Once the reaction is complete, the temperature of the reaction mixture is adjusted to 70° C. and 500 mL of water is added. The lower aqueous phase is removed while the reaction mixture is kept between 65-75° C. Maintaining the reaction mixture at 70° C., 50.4 g of acetic acid is added. The reaction mixture is cooled until crystals begin to form and is held at that temperature for about an hour. The reaction mixture is cooled to 0-5° C. at a rate of 20° C. per hour. The desired 5-β-keto-1,2,4-oxadiazole is isolated on a Buchner funnel and washed with 0° C. methanol. The product is dried in a vacuum oven to give 348.25 g (80% yield) of the desired 5-β-keto-1,2,4-oxadiazole.

EXAMPLE 4

Preparation of N-(3-tert-butyl-5-pyrazolyl)-4-nitrobenzaime oxime

To a 500 mL flask, 100 g of 3-(4-nitrophenyl)-5-(2-oxo-3,3-dimethyl butyl)-1,2,4-oxadiazole is added. To this 159 g of 2-propanol, and 5.18 g of acetic acid are added. The contents of the flask are heated to 55-60° C. To this mixture, 30.8 g of a 54% solution of hydrazine in water is added over about 15 minutes. After the hydrazine addition is complete, the reaction mixture is held at 55-60° C. for about 4 hours, or until there is less than 1% remaining starting material as judged by HPLC. The reaction mixture is cooled to 55° C. 11.1 g of water is added. The reaction is seeded with N-(3-tert-butyl-5-pyrazolyl)-4-nitrobenzamide oxime, and cooled to 25° C. at a rate of 30° C./hour. With the reaction at 25° C., 148.2 g of H₂O is added and held at this temperature for 2 hours. The reaction mixture is cooled to 5° C. at a rate of 10° C./hour. The reaction mixture is held for an additional hour at 0-5° C. The product is isolated by filtration on a Buchner funnel and is washed with a 0-5° C. solution of 45% 2-propanol in water. Drying the product in a vacuum oven gives 92.27 g (88.0% yield) of the desired with N-(3-tert-butyl-5-pyrazolyl)-4-nitrobenzamide oxime.

Claims

1. A process for preparing a 5-β-1,2,4-oxadiazole comprising reacting an amidoxime with a β-keto-ester.

2. The process of claim 1, wherein the reaction is carried out in the presence of a base catalyst.

3. The process of claim 2, wherein the base catalyst is at least one selected from the group consisting of sodium hydroxide, sodium methoxide and potassium carbonate.

4. The process of claim 3, wherein the base catalyst comprises potassium carbonate.

5. The process of claim 2, wherein the base catalyst/amidoxime molar ratio is from 0.05:1 to 1.5:1.

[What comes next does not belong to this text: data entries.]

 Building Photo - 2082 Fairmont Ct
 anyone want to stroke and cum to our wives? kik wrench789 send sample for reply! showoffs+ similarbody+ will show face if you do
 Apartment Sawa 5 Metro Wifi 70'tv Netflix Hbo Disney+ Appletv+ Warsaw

6. The process of claim 5, wherein the base catalyst/amidoxime molar ratio is about 1:1.

7. The process of claim 1, wherein the reaction is carried out in the absence of a solvent.

8. The process of claim 7, which further comprising simultaneously removing the alcohol and water formed in the reaction.

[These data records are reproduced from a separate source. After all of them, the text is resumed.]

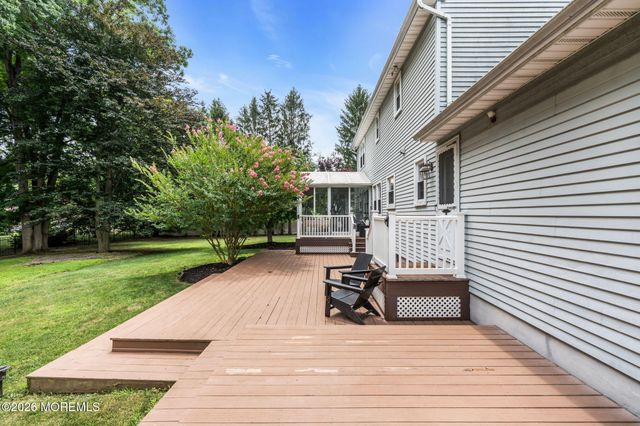 28 Jennifer Drive, Red Bank, NJ 07701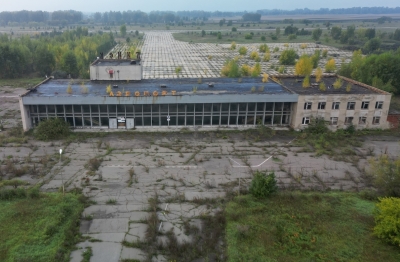 Невзлётная полоса: Во что превратилась территория бывшего аэропорта Бийска за 15 лет разрухи?
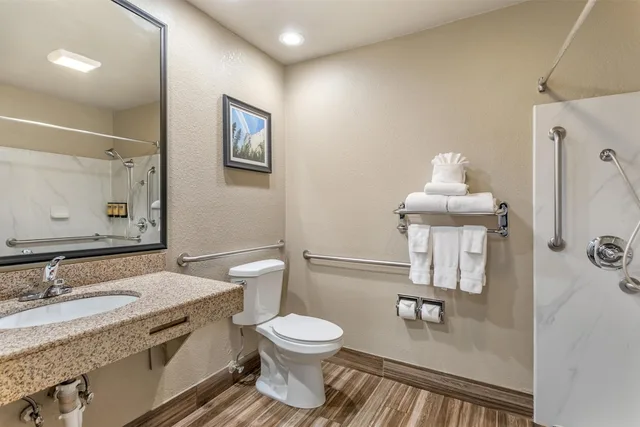 غرفة قياسية بسرير كينج بإطلالة، Best Western Plus Sonora Oaks Hotel & Conference Center 5/8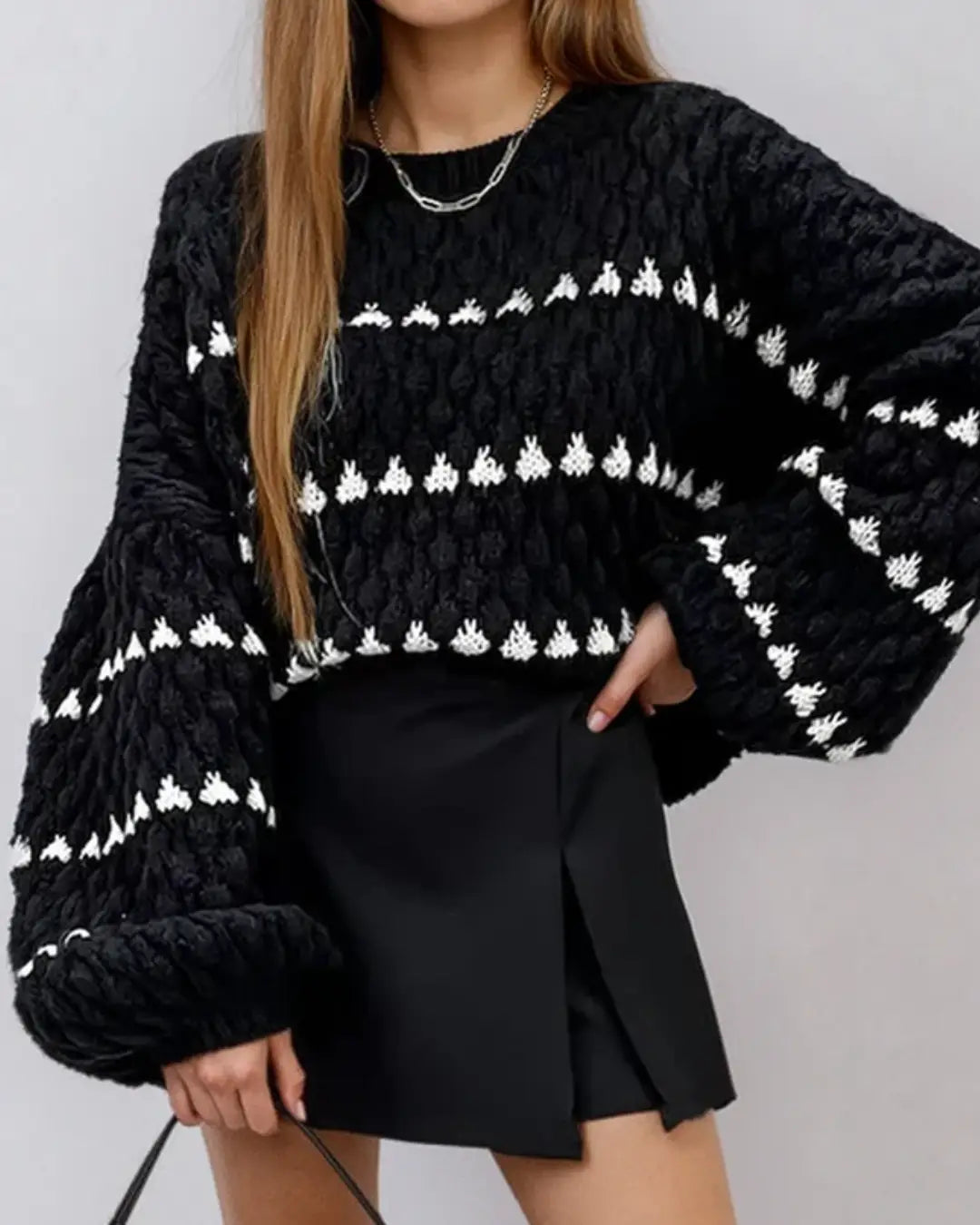 Pull en maille point boule noir et blanc à manches larges, Kira, pour une tenue cosy et élégante en automne.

9. The process of claim 1, wherein the reaction is carried out in the presence of an organic solvent.

10. The process of claim 9, wherein the organic solvent is at least one selected from the group consisting of acetonitrile, 2-propanol and toluene.

11. The process of claim 1, wherein the reaction is carried out at a temperature ranging from 60° C. to 110° C.

12. A process for preparing a N-pyrazolyl amidoxime comprising reacting a 5-β-1,2,4-oxadiazole with hydrazine or a salt thereof.

13. The process of claim 12, wherein the hydrazine is an aqueous solution of hydrazine.

14. The process of claim 13, wherein the reaction is carried out in a solvent.

15. The process of claim 14, wherein the solvent comprises 2-propanol.

16. The process of claim 12, wherein the reaction is carried out at a temperature ranging from 50° C. to 70° C.

17. The process of claim 12, wherein the reaction is carried out in the presence of an acid catalyst.

18. The process of claim 17, wherein the acid catalyst comprises acetic acid.

19. A process for preparing a N-pyrazolyl amidoxime comprising: (i) reacting an amidoxime with a β-keto-ester to prepare a 5-β-1,2,4-oxadiazole; and (ii) reacting the 5-β-1,2,4-oxadiazole with hydrazine.

20. The process of claim 19, which further comprising isolating the 5-β-1,2,4-oxadiazole obtained in step (i), prior to step (ii).